## Input data
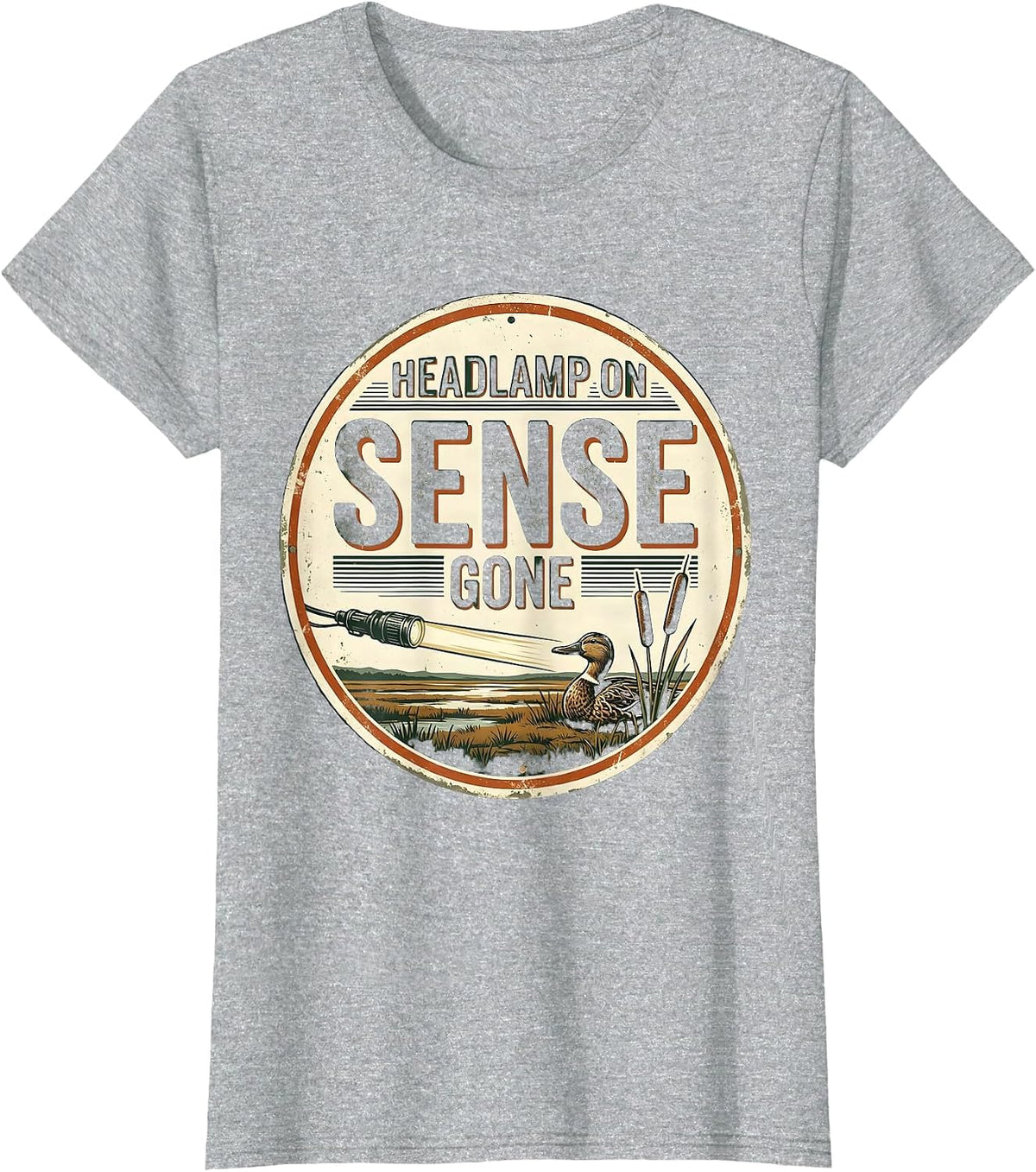 Women's Headlamp On Sense Gone Vintage Duck Hunting Humor Gift T-Shirt - Heather Grey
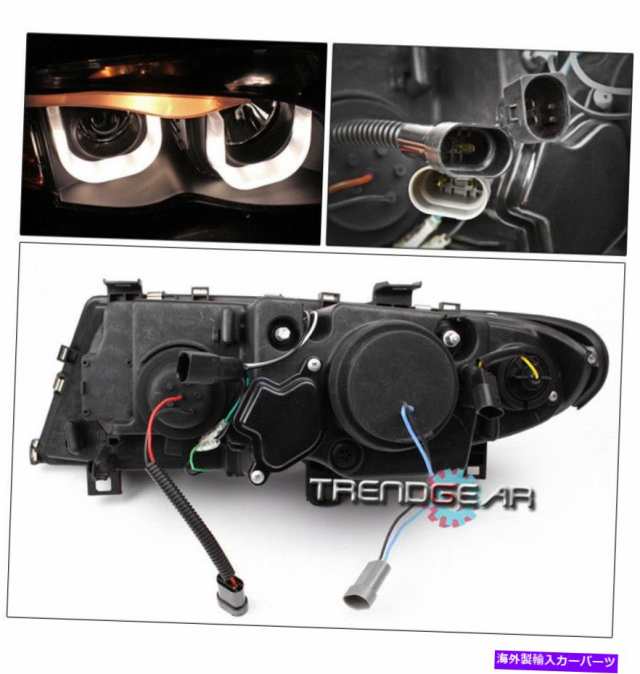 ベタ USヘッドライト 2002-2005 BMW E46 3シリーズ4DRブラックプロジェクターヘッドライト+ブルー3D DRL LED 6K  HID カー用品・バイク用品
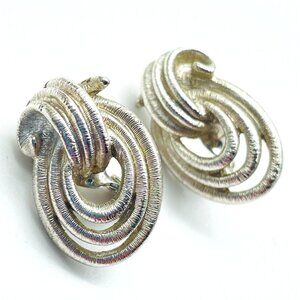MONET Oval Roped Knot Earrings Silver Tone Clip On Classic Career Workwear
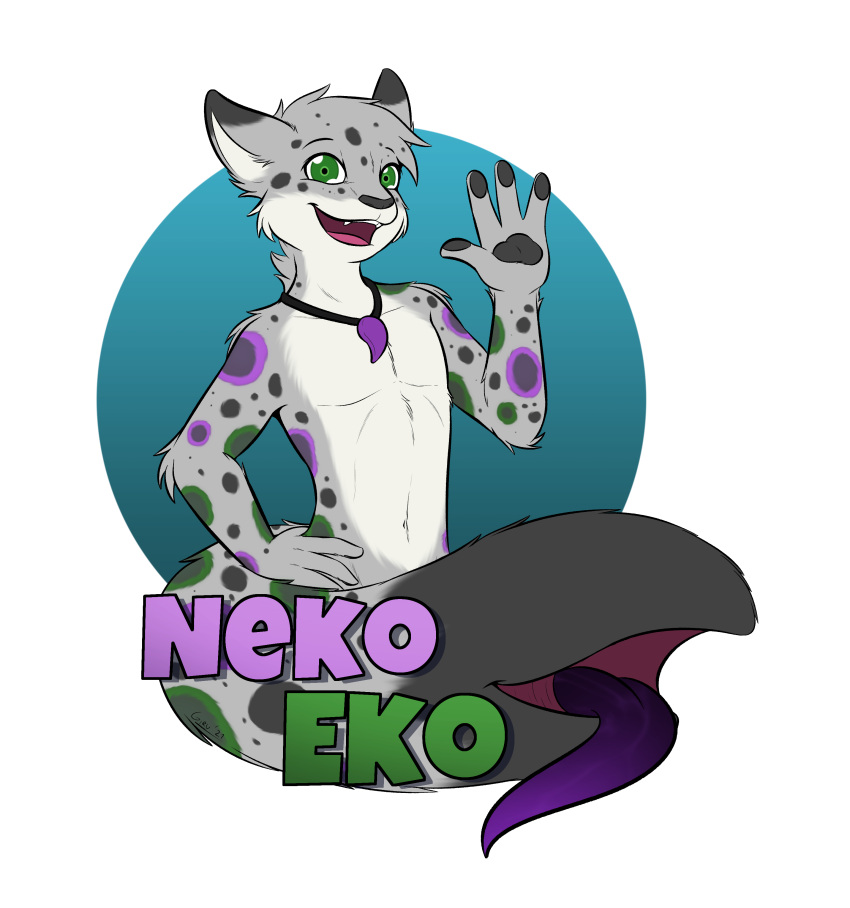 4_fingers absurd_res anthro badge felid fingers giru glowing glowing_markings green_eyes green_markings happy hi_res jewelry male mammal markings necklace nekoeko pantherine purple_markings purple_tongue snow_leopard solo tail_mouth tongue unusual_anatomy unusual_tail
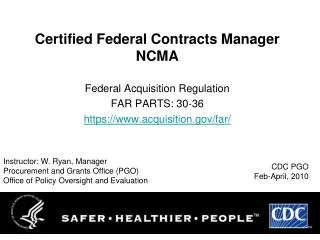 Certified Federal Contracts Manager NCMA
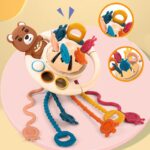 Jucarii senzoriale bebe Ursulet Joc Montessori Trage snurul silicon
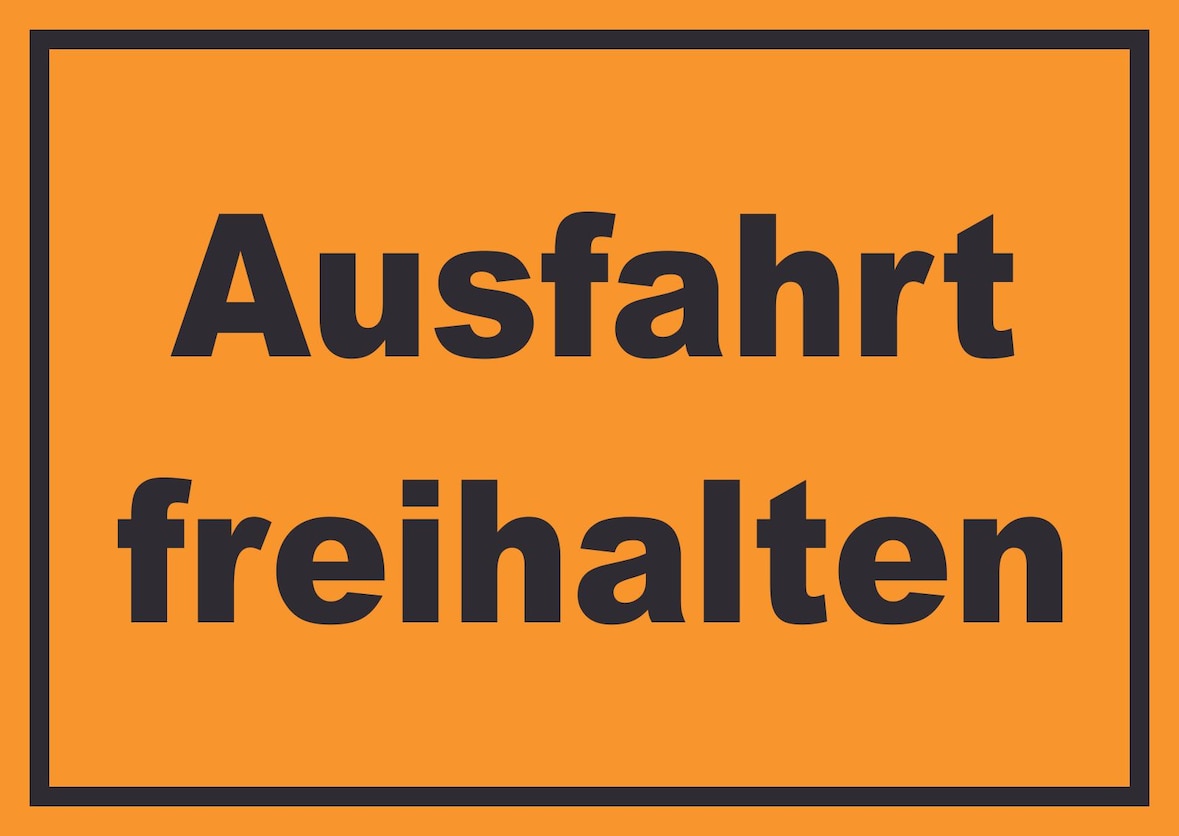 Ausfahrt freihalten Schild schwarz-orange A5 Rückseite selbstklebend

## Task directions
With the pictures left out, write out all of the data exactly.

## Answer
 Women's Headlamp On Sense Gone Vintage Duck Hunting Humor Gift T-Shirt - Heather Grey
 ベタ USヘッドライト 2002-2005 BMW E46 3シリーズ4DRブラックプロジェクターヘッドライト+ブルー3D DRL LED 6K  HID カー用品・バイク用品
MONET Oval Roped Knot Earrings Silver Tone Clip On Classic Career Workwear
 4_fingers absurd_res anthro badge felid fingers giru glowing glowing_markings green_eyes green_markings happy hi_res jewelry male mammal markings necklace nekoeko pantherine purple_markings purple_tongue snow_leopard solo tail_mouth tongue unusual_anatomy unusual_tail
 Certified Federal Contracts Manager NCMA
 Jucarii senzoriale bebe Ursulet Joc Montessori Trage snurul silicon
 Ausfahrt freihalten Schild schwarz-orange A5 Rückseite selbstklebend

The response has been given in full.